WordPress accounts logged in on unsecured networks can be hacked even with two-factor authentication

Do you log into a WordPress hosted blog from some unsecured network or a public Wi-Fi connection? Well, you should be warned before it’s too late. Any script kiddie who’s seated a few tables away from you can easily hack your site. Yeah, even if it is secured with two factor authentication.

Unsafe cookies leave WordPress accounts open to hijacking

This was noticed by Electronic Frontier Foundation’s staff technologist, Yan Zhu. She came to this conclusion after observing that WordPress servers send a key browser cookie in plain text instead of encrypting it, as long authorized by widely accepted security practices. Once an end user has entered a valid username and password, the cookie carrying the tag “wordpress_logged_in” is set. This is the website which is kind of same as the plastic bracelets used by nightclubs. Once the cookie is presented by the browser, WordPress servers allow the user behind a velvet rope to view private messages, publish blog posts and also update some user settings.
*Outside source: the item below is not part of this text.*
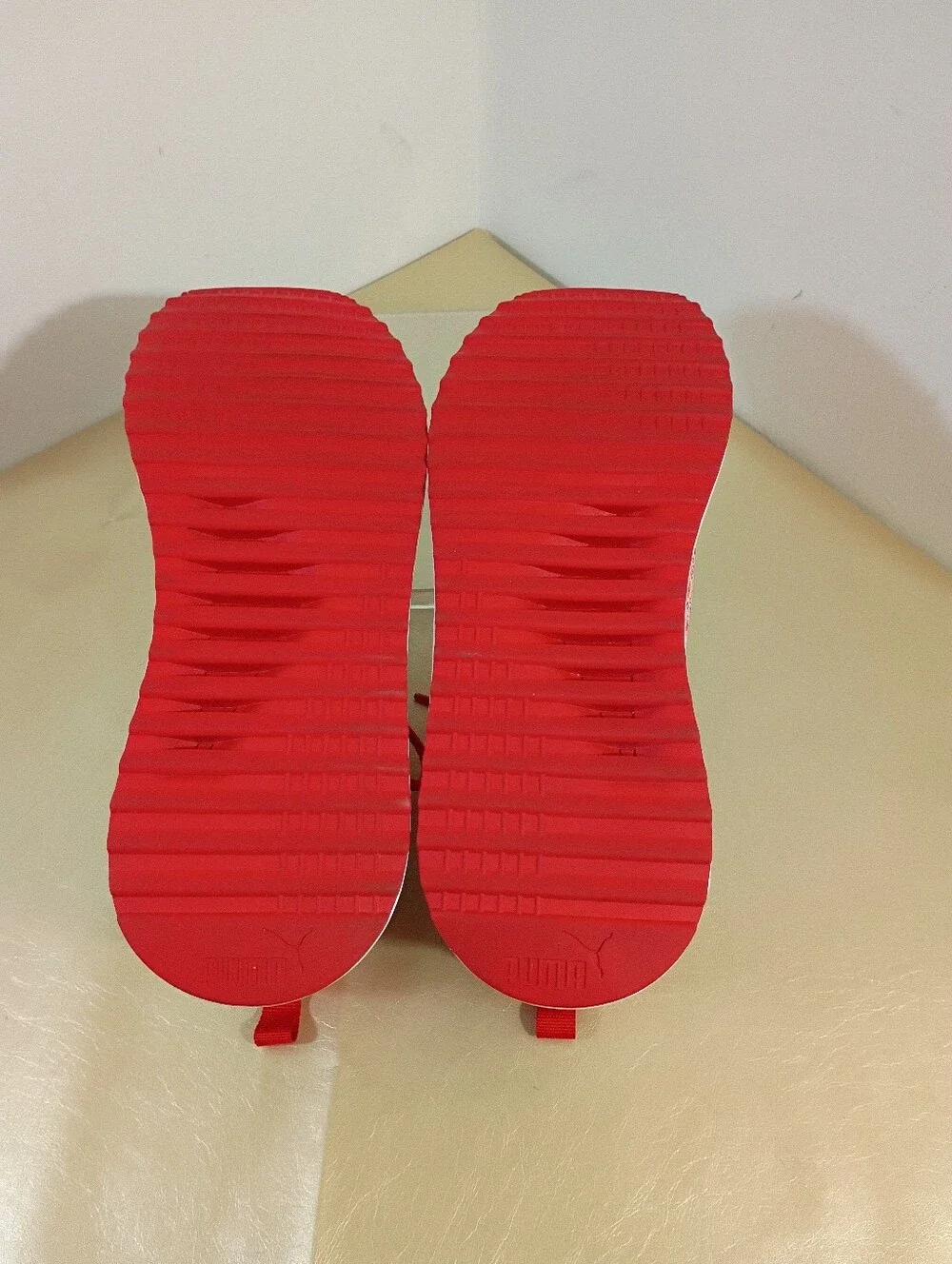 PUMA Men's SZ 10 Pacer Next Cage Red . Condition is Pre-owned - Good.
Zhu ripped a cookie for her own account in the same way a malicious hacker might and later pasted it into a fresh browser profile. After this, she visited WordPress and was automatically logged in without having to enter her credentials. This happened even though she had enabled two-factor authentication. Then, she was able to publish blog posts and read private posts and blog stats. She was also allowed to post comments from her account. Like all this wasn’t enough, she could even change the e-mail address assigned to the account. Hacking an account like this, one can even set up the two factor authentication if it wasn’t there earlier. Like this, the hacker could lock the owner from his own account.

Remarkably, the pilfered cookie will remain valid for three years, even if the victim logs out of the account before then. Zhu blogged about the vulnerability late Thursday.

Andrew Nacin, WordPress lead developer tweeted recently that :

“Cookies can be replayed until expiration”.

Also, he said that a fix is scheduled for the next WordPress release. And, the exploit doesn’t allow the hackers to change passwords as that setting need a separate authentication cookie tagged “wordpress_sec”, including the “secure” flag that causes it to be sent encrypted.

The good news is that, WordPress sites that are self-hosted on a server with full HTTPS support are not vulnerable. So, until a fix is available, all WordPress users should make sure that the sit which they are logging into contains full HTTPS support. In case not, then users should not log on unsecured networks.